In 2012 a Conference Board of Canada report stated that if the federal government were to change its policies, including reducing or eliminating many of the fees and taxes it levies on the airline industry it could potentially bring two million passengers back to Canadian airports. In 2013 Pearson Airport ws still reported to have the highest landing fees in North America. On December 11th, 2014 – YYC) Calgary International Airport – Runway charges up 2.8%, Passenger fees up 2.7%. Lets look at the difference in a one-week trip, non-stop to Orlando for a family of four this coming January 3rd. Cost per person is $498.00 out of Toronto on Air Canada “Tango” compared to $316.00 out of Buffalo on Jet Blue. This is a $135.00 difference per person after dollar conversion. Both flights are early morning and, given the time of year, we will stay at a hotel close to the airport. A 3 Star Hotel on the Buffalo airport strip, with free shuttle to the airport and 1 week free parking is $101.00 CDN, a similar hotel and location in Toronto $198.00 including parking. Savings for a family of 4 = $637.00
The number of Canadian-made vehicles with higher Canadian MSRPs in 2012% – 18. The difference in Canadian MSRP for a Brampton-built Dodge Charger sedan in 2012 compared to the U.S. 22.4% – MSRP was $24,495 in U.S. compared to $29,995 in Canada. The difference in Canadian MSRP for a Windsor-built Chrysler Town and Country minivan in 2012 5.5%. The U.S. MSRP was $29,995 compared to $31,645 in Canada. Before the Canadian Government jumped on the “lets bail out the auto industry” band wagon why did they not forbid Dodge/Chrysler from charging Canadians consumers more than U.S. consumers? Maybe it is the extra $715.00 in HST?
Canadians pay little attention to tariffs and unlike taxes they are invisible at the retailer. Canada has 8,192 tariffs categories. Canadians can only blame themselves for the Canada-U.S. price gap if they don’t take the government to task. After an internal study on a sample of 15,700 products, Canadian Tire Corp. Ltd. found out that four out of five of the goods subject to duty that it imports face a higher tariff in Canada than in the United States. This difference translated into $8.4-million in extra costs in 2011 – costs that are amplified with sales taxes once the retailer passes them on to consumers. According to a Globe and Mail article of Feb. 8, 2013, the government is looking into increasing tariffs for products coming from 72 different countries.
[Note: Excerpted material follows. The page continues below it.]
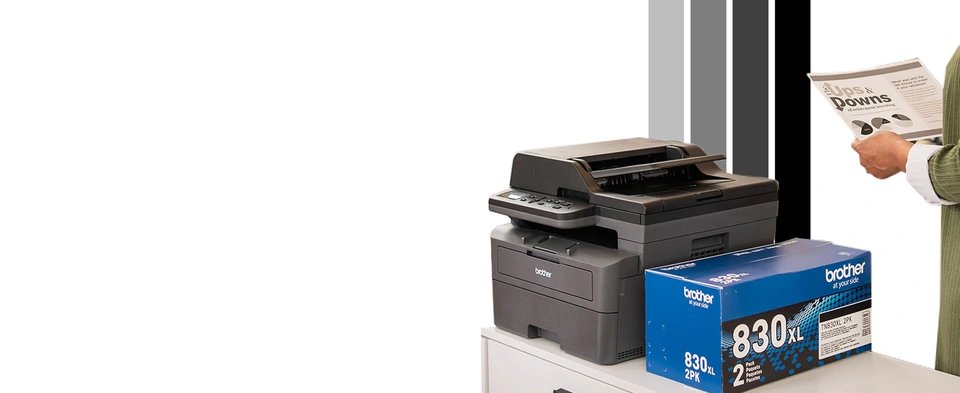 Persona en una pequeña oficina revisando un documento en blanco y negro impreso con la impresora láser 3 en 1 Brother DCP-L2640DW con alimentación automática de documentos, sentada sobre archivadores, junto a un paquete doble de tóner negro de alto rendimiento TN830XL2PK de repuesto original de Brother
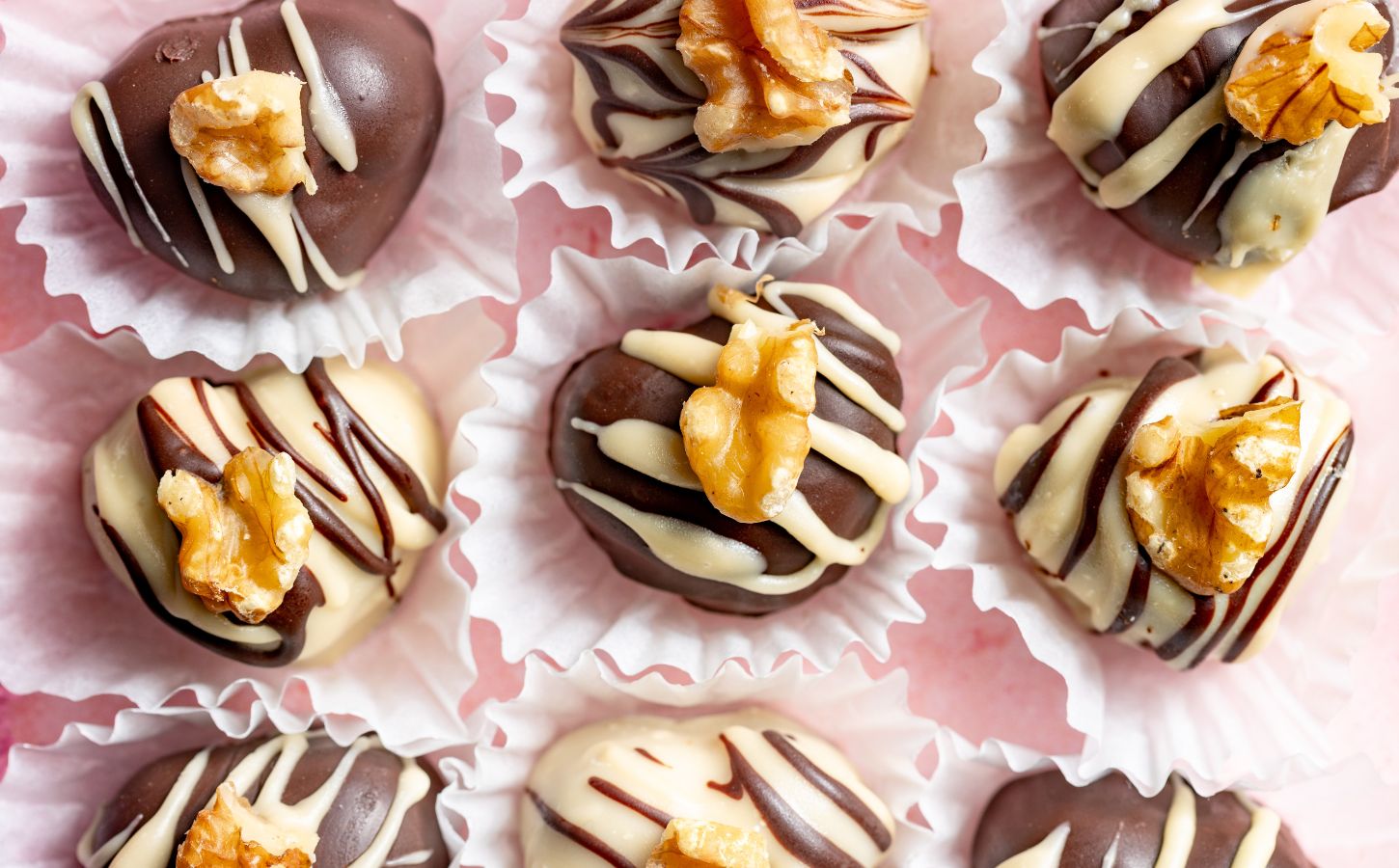 a picture of rows of heart-shaped chocolate truffles that are vegan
Canada imports $486,487.4 million dollars worth of goods per year. $247,793.0 million in goods comes from the U.S. We pay for ALL these imports in U.S. dollars. That means, as our dollar looses value compared to the U.S. dollar our costs to buy these goods increases. Our cost of imported goods has increased approximately 13% in the last six months. This increase in “landed cost” then increases again proportionately to the number of times a product is handled before it gets to the consumer. As a product moves through the supply chain in addition to individual profit sHST is added. Each passing on of the product results in more taxes and fees. A number of major companies have stated that they are forced to increase their prices due to a lower Canadian Dollar.
$100.00 U.S. Tariff Nat. Dist. Reg. Dist. Retailer Consumer Dollar @.85 8% $130.41 20% $156.49 20% $187.79 10% $233.43 inc HST
Note: The Consumer has paid an additional $9.91 in HST as product moved through channels or approximately 21% in HST based on landed cost.
And this my friends is why neither Minister James Moore nor anyone else in government can or will do anything about the U.S. – Canada price disparity.
P.S. Notice I never mentioned anything about Canadian beer, liquor or wine!